━━━ RECORDS TO PROCESS

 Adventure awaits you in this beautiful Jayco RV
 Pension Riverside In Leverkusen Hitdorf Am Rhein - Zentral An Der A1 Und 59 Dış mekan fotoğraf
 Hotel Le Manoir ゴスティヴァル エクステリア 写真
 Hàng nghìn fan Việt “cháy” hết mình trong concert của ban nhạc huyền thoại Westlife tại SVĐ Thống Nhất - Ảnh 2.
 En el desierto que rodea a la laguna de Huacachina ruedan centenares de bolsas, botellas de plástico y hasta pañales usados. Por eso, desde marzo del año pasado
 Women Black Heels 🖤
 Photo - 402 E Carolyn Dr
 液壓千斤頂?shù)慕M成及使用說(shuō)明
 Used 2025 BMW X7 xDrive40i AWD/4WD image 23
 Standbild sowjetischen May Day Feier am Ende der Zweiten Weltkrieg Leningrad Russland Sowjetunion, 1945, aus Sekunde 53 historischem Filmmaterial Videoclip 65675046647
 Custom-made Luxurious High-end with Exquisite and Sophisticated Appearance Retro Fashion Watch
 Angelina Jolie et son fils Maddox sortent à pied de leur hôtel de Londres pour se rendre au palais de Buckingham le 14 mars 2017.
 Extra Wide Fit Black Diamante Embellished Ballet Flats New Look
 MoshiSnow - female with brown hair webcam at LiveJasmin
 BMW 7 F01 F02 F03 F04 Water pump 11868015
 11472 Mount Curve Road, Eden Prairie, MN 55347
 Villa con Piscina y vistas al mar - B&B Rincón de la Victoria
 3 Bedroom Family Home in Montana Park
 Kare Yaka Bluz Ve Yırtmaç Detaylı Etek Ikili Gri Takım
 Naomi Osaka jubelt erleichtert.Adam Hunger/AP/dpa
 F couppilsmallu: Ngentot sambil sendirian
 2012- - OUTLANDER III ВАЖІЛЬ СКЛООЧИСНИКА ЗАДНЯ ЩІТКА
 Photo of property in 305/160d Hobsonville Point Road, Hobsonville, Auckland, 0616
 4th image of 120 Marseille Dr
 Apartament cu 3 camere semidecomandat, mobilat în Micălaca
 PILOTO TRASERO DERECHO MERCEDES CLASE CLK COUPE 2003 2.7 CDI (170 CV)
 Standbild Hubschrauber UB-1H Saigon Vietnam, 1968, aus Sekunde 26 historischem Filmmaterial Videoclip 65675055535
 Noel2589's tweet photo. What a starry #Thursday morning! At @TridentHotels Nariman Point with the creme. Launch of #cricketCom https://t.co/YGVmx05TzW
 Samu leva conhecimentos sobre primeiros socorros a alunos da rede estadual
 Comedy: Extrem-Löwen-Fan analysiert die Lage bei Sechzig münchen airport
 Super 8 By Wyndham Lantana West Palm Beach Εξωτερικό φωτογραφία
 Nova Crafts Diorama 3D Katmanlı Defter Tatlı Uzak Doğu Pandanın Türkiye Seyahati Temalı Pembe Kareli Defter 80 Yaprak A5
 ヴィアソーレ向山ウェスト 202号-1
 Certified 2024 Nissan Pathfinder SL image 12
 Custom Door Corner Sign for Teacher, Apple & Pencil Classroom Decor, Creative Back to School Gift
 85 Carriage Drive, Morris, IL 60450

━━━━━━

▶ AIM OF THE TASK: Output the material in full, exactly as it appears.

▶ TASK RESULT:
 Adventure awaits you in this beautiful Jayco RV
 Pension Riverside In Leverkusen Hitdorf Am Rhein - Zentral An Der A1 Und 59 Dış mekan fotoğraf
 Hotel Le Manoir ゴスティヴァル エクステリア 写真
 Hàng nghìn fan Việt “cháy” hết mình trong concert của ban nhạc huyền thoại Westlife tại SVĐ Thống Nhất - Ảnh 2.
 En el desierto que rodea a la laguna de Huacachina ruedan centenares de bolsas, botellas de plástico y hasta pañales usados. Por eso, desde marzo del año pasado
 Women Black Heels 🖤
 Photo - 402 E Carolyn Dr
 液壓千斤頂?shù)慕M成及使用說(shuō)明
 Used 2025 BMW X7 xDrive40i AWD/4WD image 23
 Standbild sowjetischen May Day Feier am Ende der Zweiten Weltkrieg Leningrad Russland Sowjetunion, 1945, aus Sekunde 53 historischem Filmmaterial Videoclip 65675046647
 Custom-made Luxurious High-end with Exquisite and Sophisticated Appearance Retro Fashion Watch
 Angelina Jolie et son fils Maddox sortent à pied de leur hôtel de Londres pour se rendre au palais de Buckingham le 14 mars 2017.
 Extra Wide Fit Black Diamante Embellished Ballet Flats New Look
 MoshiSnow - female with brown hair webcam at LiveJasmin
 BMW 7 F01 F02 F03 F04 Water pump 11868015
 11472 Mount Curve Road, Eden Prairie, MN 55347
 Villa con Piscina y vistas al mar - B&B Rincón de la Victoria
 3 Bedroom Family Home in Montana Park
 Kare Yaka Bluz Ve Yırtmaç Detaylı Etek Ikili Gri Takım
 Naomi Osaka jubelt erleichtert.Adam Hunger/AP/dpa
 F couppilsmallu: Ngentot sambil sendirian
 2012- - OUTLANDER III ВАЖІЛЬ СКЛООЧИСНИКА ЗАДНЯ ЩІТКА
 Photo of property in 305/160d Hobsonville Point Road, Hobsonville, Auckland, 0616
 4th image of 120 Marseille Dr
 Apartament cu 3 camere semidecomandat, mobilat în Micălaca
 PILOTO TRASERO DERECHO MERCEDES CLASE CLK COUPE 2003 2.7 CDI (170 CV)
 Standbild Hubschrauber UB-1H Saigon Vietnam, 1968, aus Sekunde 26 historischem Filmmaterial Videoclip 65675055535
 Noel2589's tweet photo. What a starry #Thursday morning! At @TridentHotels Nariman Point with the creme. Launch of #cricketCom https://t.co/YGVmx05TzW
 Samu leva conhecimentos sobre primeiros socorros a alunos da rede estadual
 Comedy: Extrem-Löwen-Fan analysiert die Lage bei Sechzig münchen airport
 Super 8 By Wyndham Lantana West Palm Beach Εξωτερικό φωτογραφία
 Nova Crafts Diorama 3D Katmanlı Defter Tatlı Uzak Doğu Pandanın Türkiye Seyahati Temalı Pembe Kareli Defter 80 Yaprak A5
 ヴィアソーレ向山ウェスト 202号-1
 Certified 2024 Nissan Pathfinder SL image 12
 Custom Door Corner Sign for Teacher, Apple & Pencil Classroom Decor, Creative Back to School Gift
 85 Carriage Drive, Morris, IL 60450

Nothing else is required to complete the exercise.